OASIS: Order-Augmented Strategy for Improved Code Search
This work addresses the challenge of improving code search accuracy for developers using LLMs, representing an incremental advancement by focusing on training with negative pair differences.
The paper tackles the problem of capturing deeper semantic nuances in code embeddings for code search by proposing an order-augmented strategy (OASIS) that uses order-based similarity labels to train models on subtle differences among negative pairs, resulting in significant outperformance over previous state-of-the-art models in benchmark evaluations.
Code embeddings capture the semantic representations of code and are crucial for various code-related large language model (LLM) applications, such as code search. Previous training primarily relies on optimizing the InfoNCE loss by comparing positive natural language (NL)-code pairs with in-batch negatives.
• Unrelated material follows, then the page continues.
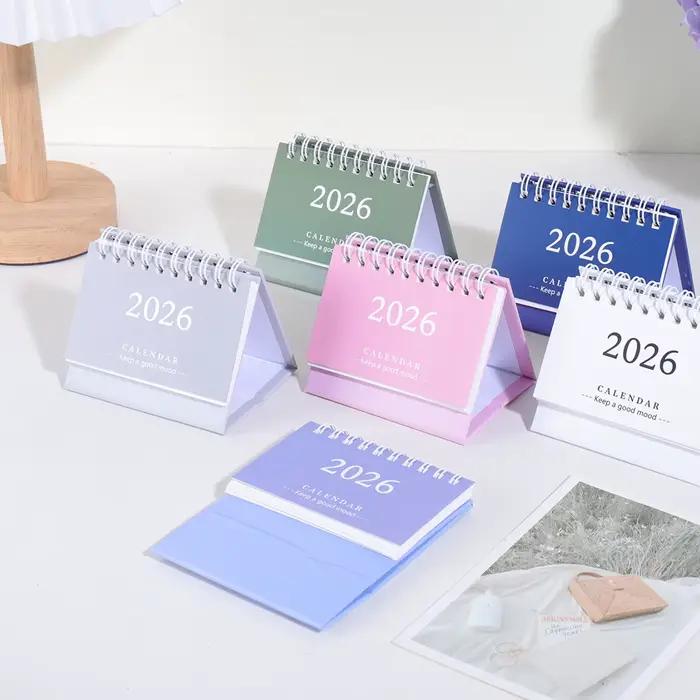 Calendrier de bureau 2026 Small Trumpet Square élégant pour bureau ou maison planification annuelle et quotidienne gestion du temps organisation occassions spéciales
However, due to the sparse nature of code contexts, training solely by comparing the major differences between positive and negative pairs may fail to capture deeper semantic nuances. To address this issue, we propose a novel order-augmented strategy for improved code search (OASIS). It leverages order-based similarity labels to train models to capture subtle differences in similarity among negative pairs. Extensive benchmark evaluations demonstrate that our OASIS model significantly outperforms previous state-of-the-art models focusing solely on major positive-negative differences. It underscores the value of exploiting subtle differences among negative pairs with order labels for effective code embedding training.